The issue of shame is really huge in this work, where people often end up feeling broken or flawed. They may bring the best of intentions to their practice, but it somehow end up making things worse, and they feel badly about that.
There's an art to being able to approach someone if you notice that they’re having what might seem like symptoms of traumatic stress and opening a conversation about how practice is going for them and what they're noticing, as opposed to asking them to reveal their entire trauma history. If they come to you, let them know that their effort and their practice is important, and that there may be some modifications to practice that will support them to be more regulated.
Omega: How can we practice mindfulness safely ourselves even if we are unsure or know little about trauma?
David: Just because someone has experienced trauma doesn't mean they'll have a negative experience with meditation. I want to make that clear. Many people who have experienced trauma have an incredible experience with meditation and mindfulness.
There are two ways to keep an eye on it. One is to be very practical about continually assessing how your meditation practice is actually affecting you. How is it affecting your mood? How is it affecting your well-being or regulation or dysregulation? Do you feel more regulated after practice or really spun out? It’s important to be honest conversation with yourself or your teacher about how it's going.

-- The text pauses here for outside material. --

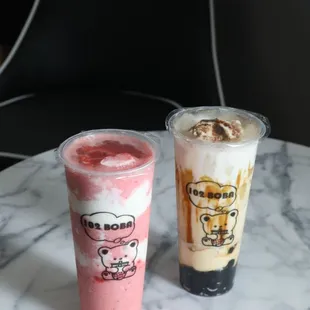 Strawberry Cloud &amp; 102 Boba Creme Brulee.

There's also a model called the Window of Tolerance by Dan Siegel that was adapted for trauma work by Pat Ogden, who wrote Sensorimotor Therapy. It's a very helpful framework and model to self-assess whether mediation is actually supporting one’s nervous system or dysregulating it.

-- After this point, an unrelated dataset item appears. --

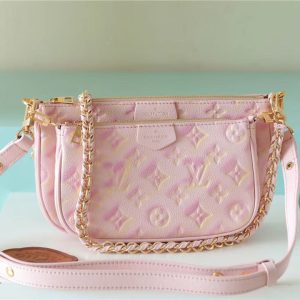 LV Multi Pochette Accessoires Monogram Empreinte Pink For Women, Women’s Handbags 9.4in/24cm LV M46093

Omega: How common is trauma?
David: The research tells us that about 90 percent of us will experience a traumatic experience in our lifetime and 6 to 8 percent of us will end up experiencing PTSD. There's a whole range inside of that of people having different experiences around trauma. As teachers, it's up to us to keep being curious about how someone is doing or how our group is doing and know that in all likelihood, trauma is there and present in the room. It will be experienced in different ways for different people, depending on the person and the practice, but it's there and we can learn how to work with it.